(Short descriptive text snippets)
::::::::::
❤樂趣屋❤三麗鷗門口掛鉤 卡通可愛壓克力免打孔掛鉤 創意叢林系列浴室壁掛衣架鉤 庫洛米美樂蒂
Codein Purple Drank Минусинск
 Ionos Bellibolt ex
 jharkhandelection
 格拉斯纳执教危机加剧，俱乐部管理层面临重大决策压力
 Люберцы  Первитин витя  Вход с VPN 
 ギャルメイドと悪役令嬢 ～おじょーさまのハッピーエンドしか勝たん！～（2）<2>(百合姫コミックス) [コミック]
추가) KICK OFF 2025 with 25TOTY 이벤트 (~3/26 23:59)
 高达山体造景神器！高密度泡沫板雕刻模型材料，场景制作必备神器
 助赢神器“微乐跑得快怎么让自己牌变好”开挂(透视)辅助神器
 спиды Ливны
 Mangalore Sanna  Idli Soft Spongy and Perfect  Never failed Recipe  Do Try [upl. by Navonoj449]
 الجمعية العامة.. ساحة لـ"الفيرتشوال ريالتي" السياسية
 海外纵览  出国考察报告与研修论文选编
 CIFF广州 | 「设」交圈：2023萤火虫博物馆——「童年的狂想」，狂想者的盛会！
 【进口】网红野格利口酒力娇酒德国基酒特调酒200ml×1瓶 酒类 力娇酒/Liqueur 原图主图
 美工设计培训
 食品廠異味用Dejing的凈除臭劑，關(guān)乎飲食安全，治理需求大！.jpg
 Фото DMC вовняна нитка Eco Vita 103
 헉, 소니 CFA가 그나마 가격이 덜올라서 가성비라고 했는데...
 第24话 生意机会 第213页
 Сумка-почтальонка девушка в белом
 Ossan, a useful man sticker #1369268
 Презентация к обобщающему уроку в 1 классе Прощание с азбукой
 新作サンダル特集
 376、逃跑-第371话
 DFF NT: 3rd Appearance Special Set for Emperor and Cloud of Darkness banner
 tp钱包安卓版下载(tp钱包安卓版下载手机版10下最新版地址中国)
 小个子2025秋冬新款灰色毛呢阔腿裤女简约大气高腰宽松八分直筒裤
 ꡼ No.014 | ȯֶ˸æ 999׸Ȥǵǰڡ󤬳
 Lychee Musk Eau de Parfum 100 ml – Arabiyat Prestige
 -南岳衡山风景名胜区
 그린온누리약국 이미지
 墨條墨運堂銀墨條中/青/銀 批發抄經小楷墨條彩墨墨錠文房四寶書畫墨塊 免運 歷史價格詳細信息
::::::::::
Activity
Every line from the one containing "Ionos Bellibolt ex" through the last line above should be retyped exactly; no other lines are wanted.

Output for this task
 Ionos Bellibolt ex
 jharkhandelection
 格拉斯纳执教危机加剧，俱乐部管理层面临重大决策压力
 Люберцы  Первитин витя  Вход с VPN 
 ギャルメイドと悪役令嬢 ～おじょーさまのハッピーエンドしか勝たん！～（2）<2>(百合姫コミックス) [コミック]
추가) KICK OFF 2025 with 25TOTY 이벤트 (~3/26 23:59)
 高达山体造景神器！高密度泡沫板雕刻模型材料，场景制作必备神器
 助赢神器“微乐跑得快怎么让自己牌变好”开挂(透视)辅助神器
 спиды Ливны
 Mangalore Sanna  Idli Soft Spongy and Perfect  Never failed Recipe  Do Try [upl. by Navonoj449]
 الجمعية العامة.. ساحة لـ"الفيرتشوال ريالتي" السياسية
 海外纵览  出国考察报告与研修论文选编
 CIFF广州 | 「设」交圈：2023萤火虫博物馆——「童年的狂想」，狂想者的盛会！
 【进口】网红野格利口酒力娇酒德国基酒特调酒200ml×1瓶 酒类 力娇酒/Liqueur 原图主图
 美工设计培训
 食品廠異味用Dejing的凈除臭劑，關(guān)乎飲食安全，治理需求大！.jpg
 Фото DMC вовняна нитка Eco Vita 103
 헉, 소니 CFA가 그나마 가격이 덜올라서 가성비라고 했는데...
 第24话 生意机会 第213页
 Сумка-почтальонка девушка в белом
 Ossan, a useful man sticker #1369268
 Презентация к обобщающему уроку в 1 классе Прощание с азбукой
 新作サンダル特集
 376、逃跑-第371话
 DFF NT: 3rd Appearance Special Set for Emperor and Cloud of Darkness banner
 tp钱包安卓版下载(tp钱包安卓版下载手机版10下最新版地址中国)
 小个子2025秋冬新款灰色毛呢阔腿裤女简约大气高腰宽松八分直筒裤
 ꡼ No.014 | ȯֶ˸æ 999׸Ȥǵǰڡ󤬳
 Lychee Musk Eau de Parfum 100 ml – Arabiyat Prestige
 -南岳衡山风景名胜区
 그린온누리약국 이미지
 墨條墨運堂銀墨條中/青/銀 批發抄經小楷墨條彩墨墨錠文房四寶書畫墨塊 免運 歷史價格詳細信息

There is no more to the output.